* [Work item]: From the line containing "How to Draw" to the final line of the entries, every line is to be reproduced exactly; no other line belongs in the output.

* [Exercise input]:
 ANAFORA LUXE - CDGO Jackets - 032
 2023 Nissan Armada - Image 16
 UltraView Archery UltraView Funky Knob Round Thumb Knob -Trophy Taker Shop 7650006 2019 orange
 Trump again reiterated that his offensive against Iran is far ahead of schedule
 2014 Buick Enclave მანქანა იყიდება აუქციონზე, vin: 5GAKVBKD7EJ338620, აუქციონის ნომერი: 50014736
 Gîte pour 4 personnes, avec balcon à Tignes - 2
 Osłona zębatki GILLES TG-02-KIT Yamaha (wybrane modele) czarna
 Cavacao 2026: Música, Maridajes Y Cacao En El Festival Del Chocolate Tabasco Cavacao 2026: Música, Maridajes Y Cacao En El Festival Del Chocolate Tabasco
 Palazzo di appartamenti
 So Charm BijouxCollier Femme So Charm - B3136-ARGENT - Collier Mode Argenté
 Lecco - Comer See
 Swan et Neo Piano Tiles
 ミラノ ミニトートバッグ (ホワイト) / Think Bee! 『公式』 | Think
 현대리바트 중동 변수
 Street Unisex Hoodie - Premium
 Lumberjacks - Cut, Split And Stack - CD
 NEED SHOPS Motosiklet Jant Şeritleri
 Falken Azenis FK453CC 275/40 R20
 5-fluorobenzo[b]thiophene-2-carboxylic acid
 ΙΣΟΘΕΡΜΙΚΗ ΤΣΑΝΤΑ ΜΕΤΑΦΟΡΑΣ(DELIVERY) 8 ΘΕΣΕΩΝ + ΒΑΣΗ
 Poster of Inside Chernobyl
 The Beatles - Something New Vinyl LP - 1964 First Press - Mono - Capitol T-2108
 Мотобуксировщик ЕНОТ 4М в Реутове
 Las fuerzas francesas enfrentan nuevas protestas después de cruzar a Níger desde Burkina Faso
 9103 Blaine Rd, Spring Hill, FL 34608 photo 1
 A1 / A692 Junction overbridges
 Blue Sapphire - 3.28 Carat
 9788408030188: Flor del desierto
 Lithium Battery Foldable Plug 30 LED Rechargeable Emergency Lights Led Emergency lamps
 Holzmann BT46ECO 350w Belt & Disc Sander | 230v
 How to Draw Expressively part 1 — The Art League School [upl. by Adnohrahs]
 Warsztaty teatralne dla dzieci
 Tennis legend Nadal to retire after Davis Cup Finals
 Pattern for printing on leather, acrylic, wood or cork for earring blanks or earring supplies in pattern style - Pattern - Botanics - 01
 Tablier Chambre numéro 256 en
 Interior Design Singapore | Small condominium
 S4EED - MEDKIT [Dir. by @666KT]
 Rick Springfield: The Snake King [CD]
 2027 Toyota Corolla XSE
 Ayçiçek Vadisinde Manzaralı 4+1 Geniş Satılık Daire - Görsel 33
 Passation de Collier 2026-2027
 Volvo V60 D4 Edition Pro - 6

* [Response for this exercise]:
 How to Draw Expressively part 1 — The Art League School [upl. by Adnohrahs]
 Warsztaty teatralne dla dzieci
 Tennis legend Nadal to retire after Davis Cup Finals
 Pattern for printing on leather, acrylic, wood or cork for earring blanks or earring supplies in pattern style - Pattern - Botanics - 01
 Tablier Chambre numéro 256 en
 Interior Design Singapore | Small condominium
 S4EED - MEDKIT [Dir. by @666KT]
 Rick Springfield: The Snake King [CD]
 2027 Toyota Corolla XSE
 Ayçiçek Vadisinde Manzaralı 4+1 Geniş Satılık Daire - Görsel 33
 Passation de Collier 2026-2027
 Volvo V60 D4 Edition Pro - 6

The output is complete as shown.